Infrastructure is another area that Governor Abiodun has scored a bull’s eye, spreading projects around all the Senatorial Districts like confetti. When he came on board, he discovered that all the major roads within communities had become dilapidated. He initiated the direct labour agency – gun State Public Works Agency (OGPWA) which moved into all the 20 local government areas of the state simultaneously and started rehabilitating roads. That done, the governor then did something entirely different: he embraced the projects abandoned or half-executed by his predecessors. Today, he has rebuilt 400 km of roads, including the Ijebu-Ode-Epe expressroad, Sagamu-Interchange-Abeokuta expressroad and Ilaro-Owode-Yewa road. The Lusada-Atan-Agbara road, in particular, is crucially important to the South-West, Nigeria and indeed the West African sub-region because it hosts the biggest industrial complex in Nigeria.Even federal roads are receiving attention. As he usually says, people in the area care less about the Federal Government: it is state government that they know. Everywhere you turn in Abiodun’s Ogun, you find projects. Numberless rural road are being rehabilitated and reconstructed in villages that didn’t witness caterpillars in the last 30 years!

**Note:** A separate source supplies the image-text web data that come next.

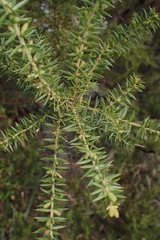 Acacia verticillata verticillata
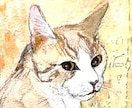 ペットの写真から、水彩画を手描きします 一般社団法人光風会で猫の絵を描いてきた作家が作品を制作します イメージ2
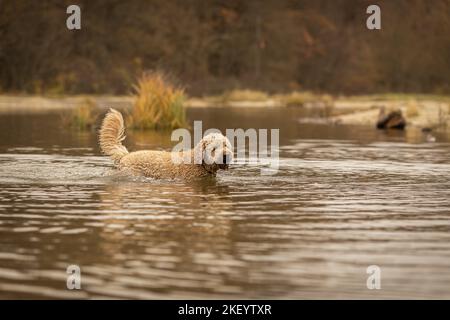 Goldendoodle mâle Banque D'Images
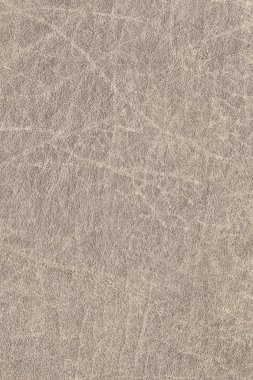 Eski yıpranmış kaba bej deri Grunge doku örneği buruşmuş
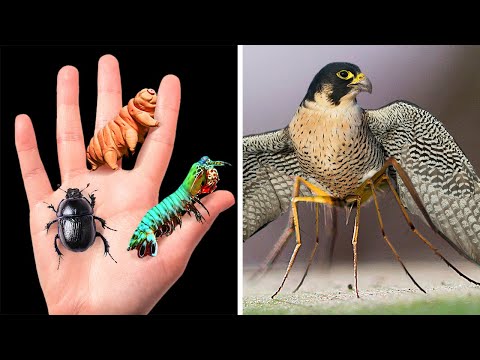 Vídeo: 12 Animals Que Amb Prou Feines Dormen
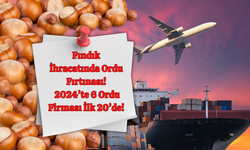 Fındık İhracatında Ordu Fırtınası: 2024’te 6 Ordu Firması İlk 20’de!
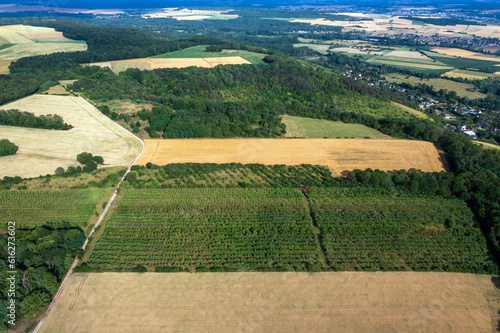 Verger de pommes au milieu des champs surplombant le village de Giverny en bas à droite. (Cidre "Le verger de Giverny")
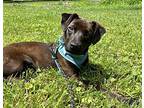 CYNTHIA* Labrador Retriever Young Female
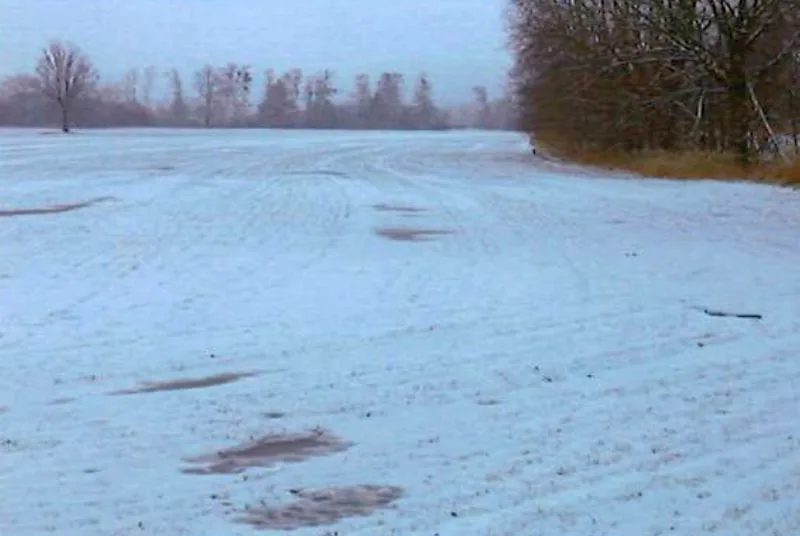 Landwirtschaftsflächen in Neu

The icing on the cake is the Ogun State Gateway Agro-Cargo International Airport meant to serve as cargo and passenger facility from the heavy industries built between the Lagos-Ogun corridor and the Agbara Industrial Layout. It is expected that the airport, which is well located, will provide seamless service for the evacuation of finished products from these companies and delivery of raw materials, as well as create jobs for 25,000 persons. Already test flights had commenced and a Special Agro-Processing Zone (SAPZ) has been inaugurated. The location of the airport at the off limits of the notorious traffic gridlock that characterises Lagos State puts the facility in a vantage position to move goods to other parts of the country from the airport. Essentially, it will be a rendezvous for the assemblage of farm produce before export, as the government of Ogun State is putting things in place to build an aerotropolis at the airport. This means that agro based factories and others can sprout at the airport. That will give rise to an economic community that will create jobs, create revenue for the government and expand businesses between the two major states in the South-west.
These are some enviable records set by the Prince Dapo Abiodun-led administration that reassures citizens that their votes have not been wasted. The people of the state have, as a result of his leadership, had been living peacefully. Ogun State can only wait and anticipate even improved outcomes in the upcoming years, including the second term of the effective and development-oriented governor.